Arthritic pain is usually described as a gradual, deep ache that comes on after overexerting a joint with arthritis. The pain increases over a few days, stays for some time, then starts to recede. The joint often feels very stiff, and there is an urge to move it or rub it for relief.
Chiropractic Treatment of Arthritis
Dr French specializes in musculoskeletal pain and injuries, so for degenerative type arthritis, our office is a good place to start. We can help diagnose the pain, to determine whether the pain is from an injury to the joint or is actually from arthritis. Even if you have seen arthritis on an xray, which everyone develops over time, your current pain may not be from that condition.

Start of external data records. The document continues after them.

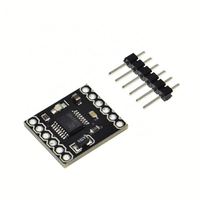 Module de commande de moteur DRV8833 à 2 canaux, carte de commande de moteur 1,5A 3V à 10V pour projet électronique de robot DIY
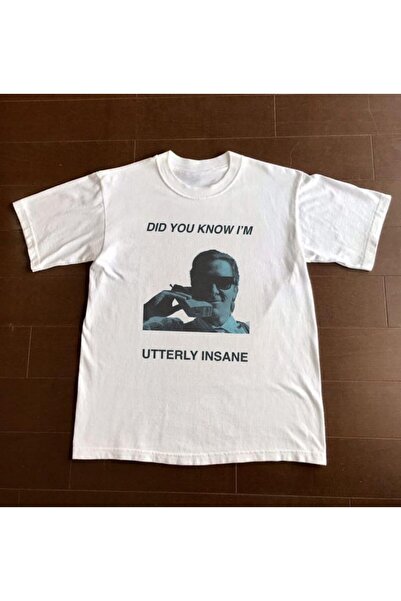 MAYDAY CULTURE TRIUC ALB OVERSIZE UNISEX DTF PRINTED MAYDAY CULTURE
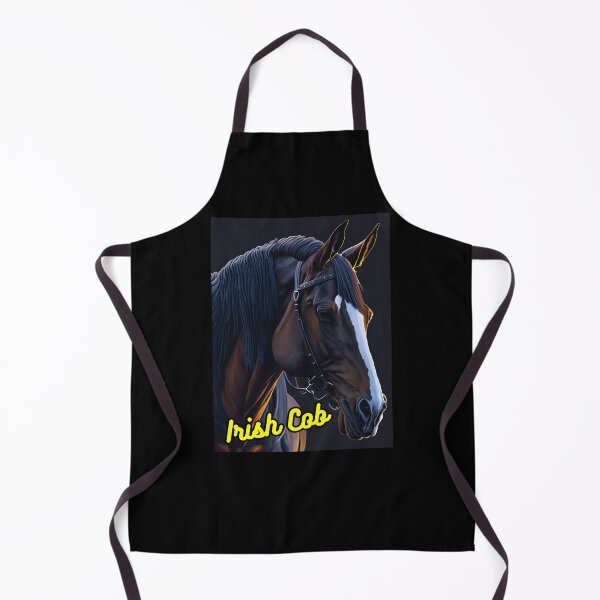 Item preview, Irish Cob Dark Background designed and sold by IrishPOD.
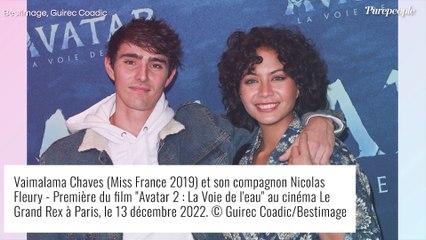 Nolwenn Leroy séduisante en pattes d'eph', Katrina Patchett avec son nouvel amoureux pour Avatar 2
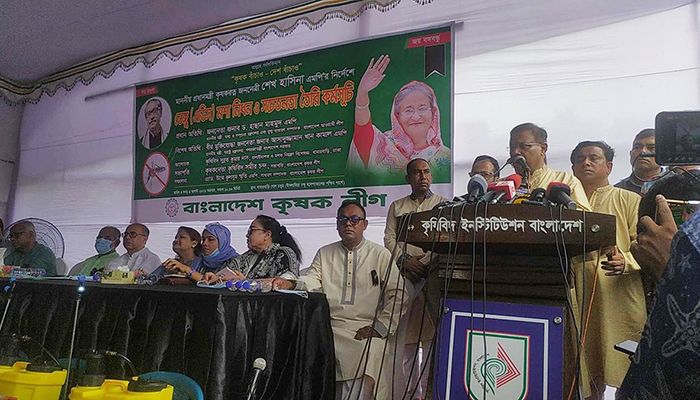 ‘ডেঙ্গুর চেয়েও মারাত্মক বিএনপি’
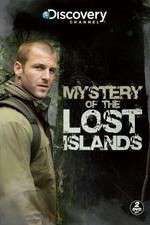 Mystery of the Lost Islands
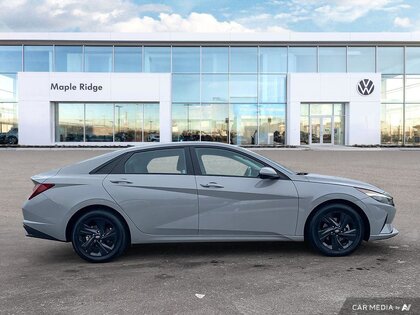 used 2021 Hyundai Elantra car, priced at $23,470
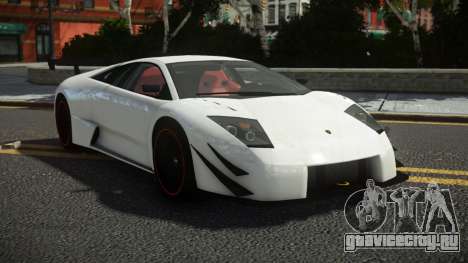 Lamborghini Murcielago Firog для GTA 4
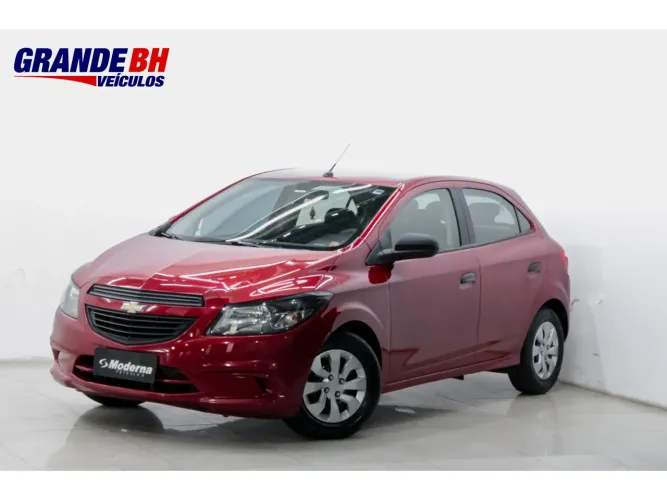 Chevrolet Onix JOY Hatch 1.0 8V Flex Mec. 4P 2019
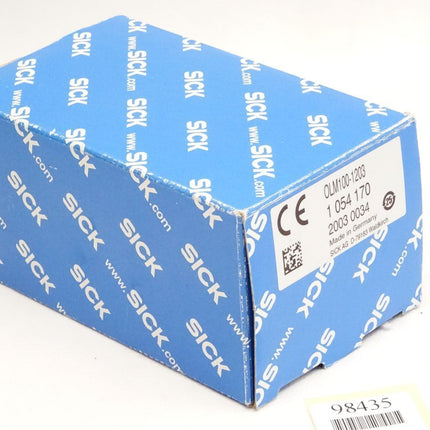 Sick OLM100-1203 1054170 Linear-Messsensor / Neu OVP - Maranos.de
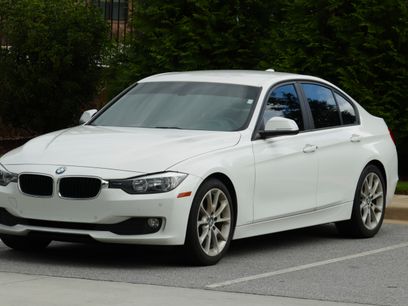 Used 2014 BMW 320i Sedan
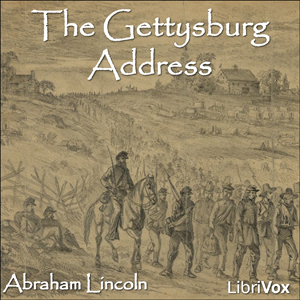Аудіокнига The Gettysburg Address (version 4)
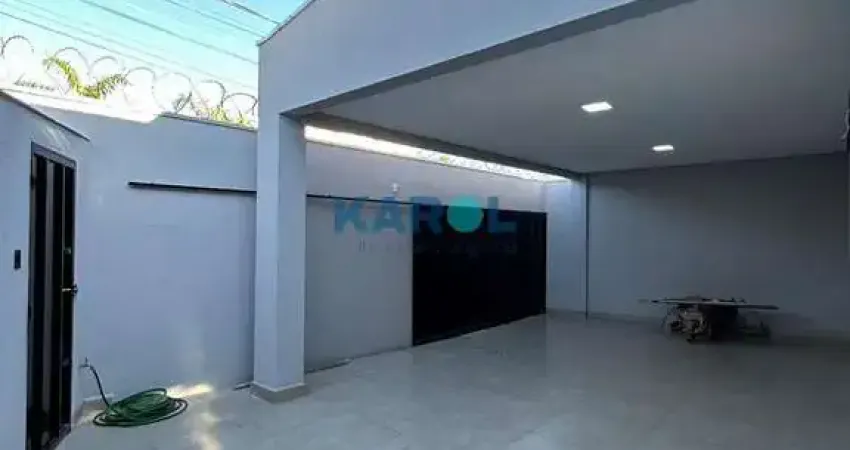 Casa com 3 quartos à venda no Jardim Inconfidência, Uberlândia 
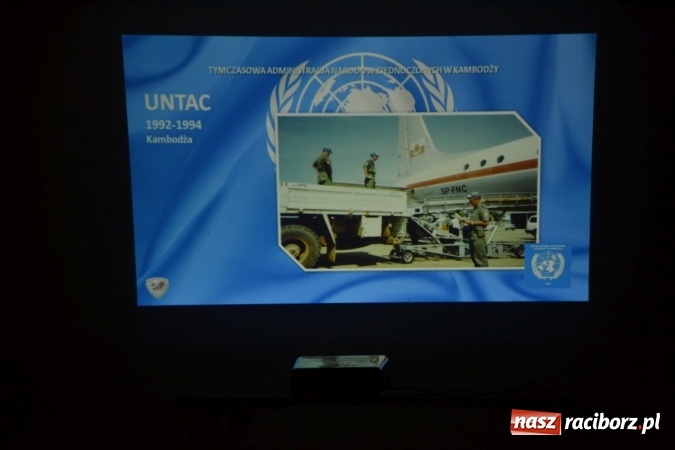 Zdjęcie w galerii na portalu naszraciborz.pl: Za Polskę życiem i zdrowiem ryzykowano nie tylko dawno temu… Na Zamku Piastowskim ruszyła II edycja wiadomości z regionu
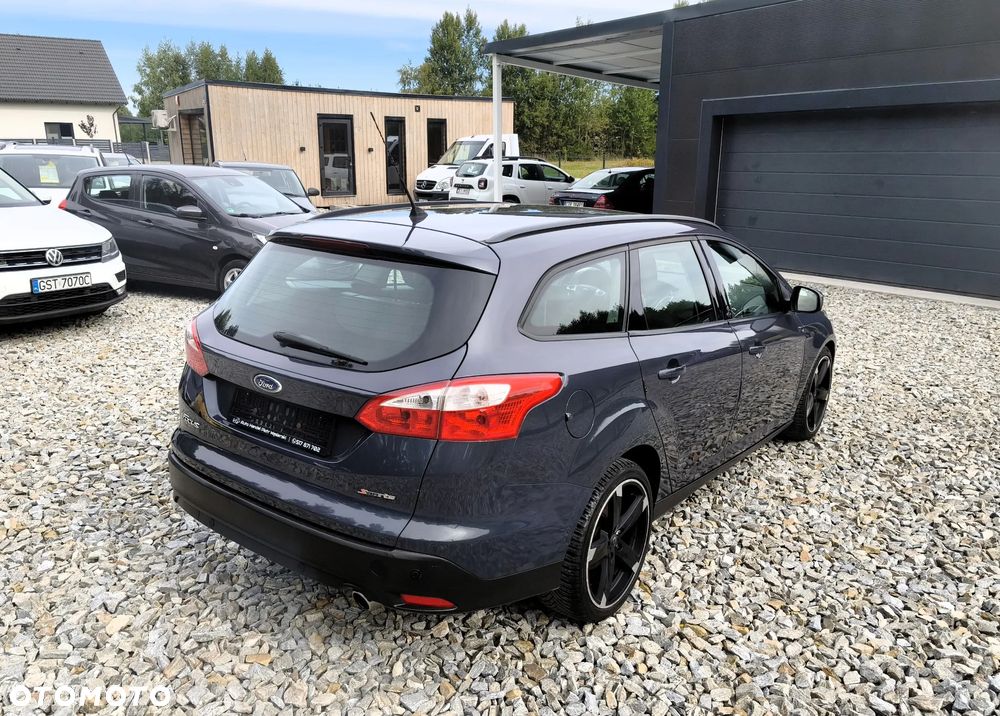 Ford Focus 2.0 TDCi Trend Sport MPS6 - 6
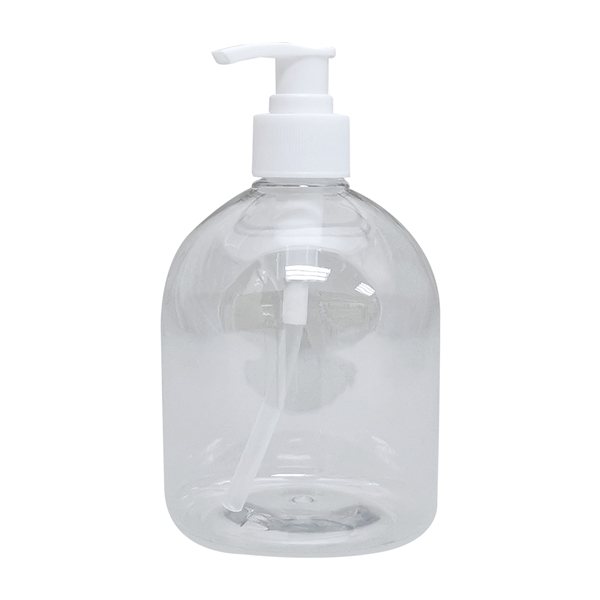 Promotional 16 oz Refillable Bottle With Pump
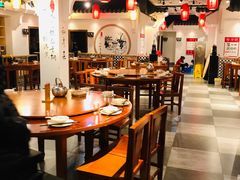 大堂-嗣林·爷爷的私房菜(湾里店)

If we determine that arthritis is causing your pain, nothing can be done to reverse the condition. But, we can do a lot to reduce or eliminate the symptoms. We use Chiropractic adjustments to move nearby joints that are putting more strain on the arthritic joint. At home, arthritis pain responds better to moist heat than ice. In fact, it is one of the few times I prefer to use heat over ice for pain. There is debate in the scientific community whether cold weather actually makes arthritis pain worse. Movement is also key to limiting pain. As the joint degenerates, it appears that it loses its ability to lubricate itself. One of the treatments for moderate arthritis in the knee is an injection of lubricating fluid. Light exercise stimulates crucial joint fluid production. I can recommend exercises that can keep the joints loose, and give some ideas on how to avoid flare ups.